Garson Kanin; Playwright, Screenwriter, Director

From Associated Press

Garson Kanin, a prolific playwright who created the Broadway and Hollywood classic “Born Yesterday,” died Saturday. He was 86.

Kanin died of heart failure at his Manhattan home after a long illness, said his assistant, Martha Wilson.

His place in entertainment history would have been assured had he done no more than write and direct “Born Yesterday,” the oft-revived play that made Judy Holliday a star of the theater in 1946 and won her an Oscar for the movie version in 1950.

Kanin was the author or director of numerous stage and movie hits, including some of the celebrated screen pairings of Spencer Tracy and Katharine Hepburn.


In collaboration with his wife of 43 years, actress Ruth Gordon, he wrote the screenplays of Tracy and Hepburn’s 1949 film “Adam’s Rib” and their 1952 movie “Pat and Mike.” Kanin and Gordon also received an Academy Award nomination for writing “A Double Life,” the 1948 movie for which Ronald Colman received a best actor Oscar.

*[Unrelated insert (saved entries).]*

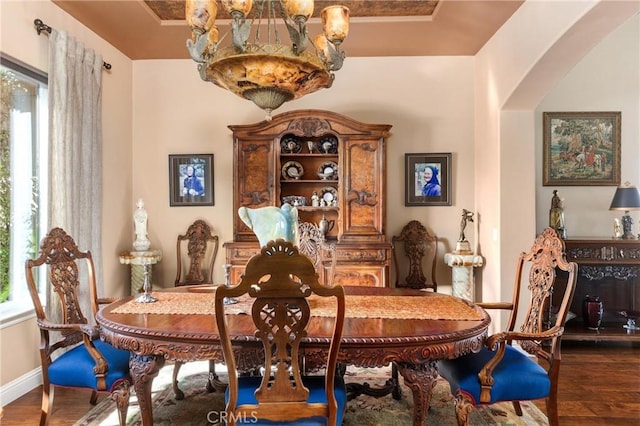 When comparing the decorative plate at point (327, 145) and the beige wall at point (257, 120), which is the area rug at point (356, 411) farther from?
the decorative plate at point (327, 145)

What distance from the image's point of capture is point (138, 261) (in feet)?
13.9

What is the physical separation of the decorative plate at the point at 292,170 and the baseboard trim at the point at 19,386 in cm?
267

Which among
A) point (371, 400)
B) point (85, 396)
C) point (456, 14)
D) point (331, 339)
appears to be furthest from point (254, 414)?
point (456, 14)

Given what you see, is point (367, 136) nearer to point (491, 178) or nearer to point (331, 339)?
point (491, 178)

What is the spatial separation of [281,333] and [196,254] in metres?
3.18

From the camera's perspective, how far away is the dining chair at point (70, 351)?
84.0 inches

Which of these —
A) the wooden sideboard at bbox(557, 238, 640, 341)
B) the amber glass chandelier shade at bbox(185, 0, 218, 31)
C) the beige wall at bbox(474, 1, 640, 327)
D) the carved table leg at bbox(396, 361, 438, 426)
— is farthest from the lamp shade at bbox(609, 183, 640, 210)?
the amber glass chandelier shade at bbox(185, 0, 218, 31)

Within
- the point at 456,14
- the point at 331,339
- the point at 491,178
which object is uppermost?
the point at 456,14

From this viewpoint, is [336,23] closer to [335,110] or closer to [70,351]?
[70,351]

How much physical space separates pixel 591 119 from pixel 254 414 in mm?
4433

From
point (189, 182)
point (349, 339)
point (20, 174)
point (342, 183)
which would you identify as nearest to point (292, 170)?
point (342, 183)

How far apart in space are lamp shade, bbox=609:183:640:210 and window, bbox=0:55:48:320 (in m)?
4.87

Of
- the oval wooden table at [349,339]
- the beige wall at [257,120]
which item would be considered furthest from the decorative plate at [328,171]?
the oval wooden table at [349,339]

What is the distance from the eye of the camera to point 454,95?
182 inches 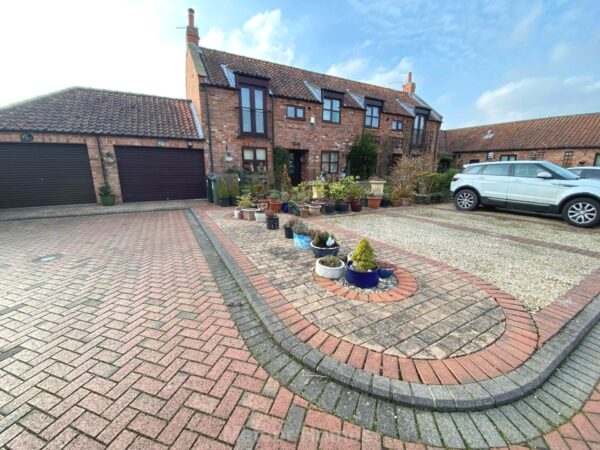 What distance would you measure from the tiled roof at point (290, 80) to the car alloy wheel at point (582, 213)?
11382 millimetres

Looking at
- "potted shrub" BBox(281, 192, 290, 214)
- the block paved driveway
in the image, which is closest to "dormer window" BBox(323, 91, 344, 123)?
"potted shrub" BBox(281, 192, 290, 214)

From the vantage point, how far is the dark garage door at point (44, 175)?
29.0ft

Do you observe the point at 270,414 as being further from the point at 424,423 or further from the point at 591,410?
the point at 591,410

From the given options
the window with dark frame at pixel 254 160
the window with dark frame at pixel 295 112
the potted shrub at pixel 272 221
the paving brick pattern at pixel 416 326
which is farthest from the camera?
the window with dark frame at pixel 295 112

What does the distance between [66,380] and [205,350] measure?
0.95 m

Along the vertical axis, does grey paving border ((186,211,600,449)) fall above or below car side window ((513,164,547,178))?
below

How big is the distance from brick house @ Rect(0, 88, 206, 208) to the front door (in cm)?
482

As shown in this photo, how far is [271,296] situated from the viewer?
110 inches

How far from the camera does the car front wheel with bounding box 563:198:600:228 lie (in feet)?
19.3

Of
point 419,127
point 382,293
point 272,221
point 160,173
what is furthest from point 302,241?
point 419,127

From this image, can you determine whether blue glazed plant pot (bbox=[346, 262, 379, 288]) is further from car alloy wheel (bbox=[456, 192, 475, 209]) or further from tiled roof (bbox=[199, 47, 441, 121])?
tiled roof (bbox=[199, 47, 441, 121])

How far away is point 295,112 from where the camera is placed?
13.0 metres

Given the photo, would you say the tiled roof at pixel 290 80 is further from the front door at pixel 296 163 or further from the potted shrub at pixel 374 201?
the potted shrub at pixel 374 201

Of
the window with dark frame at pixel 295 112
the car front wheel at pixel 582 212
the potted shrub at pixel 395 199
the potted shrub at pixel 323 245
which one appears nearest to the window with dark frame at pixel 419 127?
the window with dark frame at pixel 295 112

Gordon died in 1985. In 1990, Kanin married actress Marian Seldes, who was with him when he died.

Kanin claimed collaboration in the first Tracy-Hepburn teaming, “Woman of the Year,” in 1942. His screenwriter brother, Michael Kanin, and Ring Lardner Jr. were the officially credited writers and won an Oscar.

Garson Kanin also said “The More the Merrier,” the delicious 1943 comedy of wartime Washington, was his brainchild, but the screenplay is credited to four other writers. The stage version of the comedy of political corruption and personal redemption, which ran for 1,642 performances on Broadway, boomed anew during the latter Nixon years.


As an officer in a U.S. Army film unit during World War II, Kanin was co-director, with Carol Reed, of “The True Glory,” which won the Oscar for best documentary in 1945.

He wrote 14 books of fact and fiction and published numerous articles and short stories in everything from Good Housekeeping to Penthouse.

Kanin, born in Rochester, N.Y., dropped out of James Madison High School in Brooklyn during the Depression. He worked as a telegram messenger, Macy’s stock boy, burlesque comic and honky-tonk saxophone player, but also attended the American Academy of Dramatic Arts, which led to the stage.

He got bit parts in several plays and joined movie mogul Samuel Goldwyn’s production staff in Hollywood in 1937.

Prewar movies that Kanin directed included another celebrated teaming, of Cary Grant and Irene Dunne, in “My Favorite Wife” in 1940. He also directed two Ginger Rogers favorites, “Bachelor Mother” (1939) and “Tom, Dick and Harry” (1941), and the critically acclaimed “They Knew What They Wanted” (1940), with Charles Laughton and Carole Lombard.

In 1942, while in the Army, Kanin married Gordon, who was 16 years his senior. Seldes was 16 years his junior.

Notable among the 30 New York stage productions Kanin directed were “The Diary of Anne Frank” in 1955, “Sunday in New York” in 1961, “Funny Girl” in 1964 and “Do Re Mi,” which he also wrote, in 1961.